Drei Wochen für ein Land auf rechtsstaatlichen Abwegen, in dem nach Peter Steudtners Freilassung mindestens noch zehn deutsche Staatsbürger aus politischen Gründen inhaftiert sind, darunter Meşale Tolu. Übersieht der Gerichtshof, wie dringlich die Angelegenheit ist?

Hinter der scheinbaren Routine verbirgt sich in Wahrheit ein hohes Maß an Anspannung. Der Gerichtshof arbeitet längst an den türkischen Fällen. Fast 31 000 Beschwerden sind seit dem Putsch vom Juli 2016 in Straßburg eingegangen, gut 6600 sind noch anhängig. Ein kleiner Teil der Verfahren - etwa der Fall Yücel - wird mit Priorität behandelt. Auch die Klagen von zehn inhaftierten Journalisten der Zeitung Cumhuriyet sowie weiterer Journalisten und einiger Abgeordneter haben Vorrang.

Könnte die Türkei bald so wie Russland handeln?

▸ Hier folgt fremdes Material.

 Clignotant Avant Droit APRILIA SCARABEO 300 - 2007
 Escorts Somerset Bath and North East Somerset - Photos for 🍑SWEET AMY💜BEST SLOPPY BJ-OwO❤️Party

Und doch hält sich der Gerichtshof mit beinahe aufreizender Akribie an Verfahrensregeln. Man sieht das an den Klagen entlassener Beamter: Sie werden derzeit als unzulässig abgewiesen, weil zunächst der Rechtsweg in der Türkei beschritten werden muss - oder wenigstens ausgetestet, ob es einen Rechtsweg gibt, der den Namen verdient. Gleiches gilt für die Fristverlängerung: Was man anderen Ländern gewährt, muss auch für die Türkei gelten.

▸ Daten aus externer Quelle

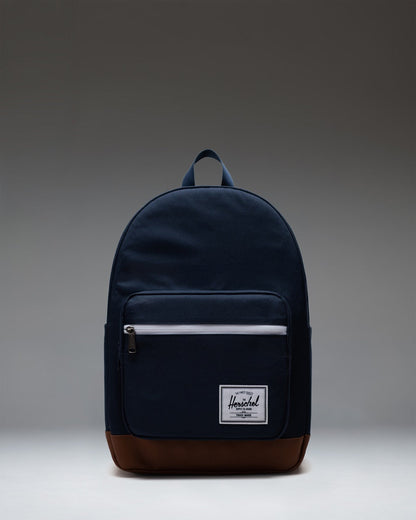 Pop Quiz Backpack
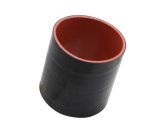 AEM Silicone Hose Coupler thumbnail 1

Dass der Gerichtshof gerade mit der Türkei so umsichtig umgeht, hat sicher auch mit der Geschichte zu tun. Die Türkei ist seit 1949 Mitglied im Europarat, dem das Menschenrechtsgericht angegliedert ist - und hatte in der frühen Phase der Erdoğan-Regierung sogar eine ganz positive Menschenrechtsentwicklung durchlaufen. Man möchte deshalb die Tür nicht zu früh zuschlagen.

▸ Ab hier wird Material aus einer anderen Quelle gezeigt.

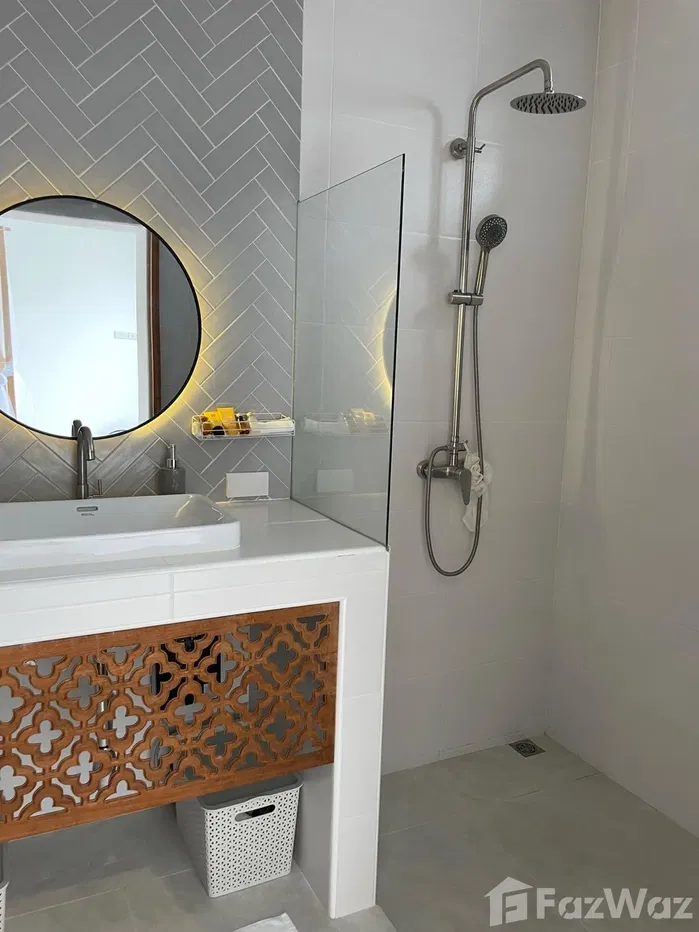 picture 3 Bedroom Villa for sale in Maenam, Surat Thani - 14/16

Wichtiger aber ist etwas anderes. Das Gericht befindet sich derzeit in einer fundamentalen Krise. Es grenzte ohnehin immer an ein Wunder, dass sich - weit über die EU-Grenzen hinaus - die 47 Staaten des Europarats der Europäischen Menschenrechtskonvention unterworfen haben. Doch das Wunder hat an Kraft verloren. Die Erosion rechtsstaatlicher Strukturen und die Renaissance autoritärer Regime setzt inzwischen auch dem Menschenrechtsgericht zu. Wichtigstes Beispiel: Russland setzt Straßburger Urteile nur noch nach eigenem Gutdünken um.

Vor diesem Hintergrund wird deutlich, warum die Post-Putsch-Verfahren aus der Türkei so essenziell für den Gerichtshof sind. Einerseits will das Gericht die Absetzbewegung nicht beschleunigen, indem es sich angreifbar macht; die Türkei ist, neben Russland, nun mal der entscheidende "Mehrwert" des Europarats gegenüber der EU. Deshalb agiert man rechtsstaatlich bis in die Haarspitzen.

Andererseits würde das Gericht die eigene Autorität untergraben, wenn es ihm nicht gelänge, auf den atemberaubenden Abbau der Menschenrechte in der Türkei zu reagieren. Denn Menschenrechte, die nur auf dem Papier stehen, brauchen kein Gericht.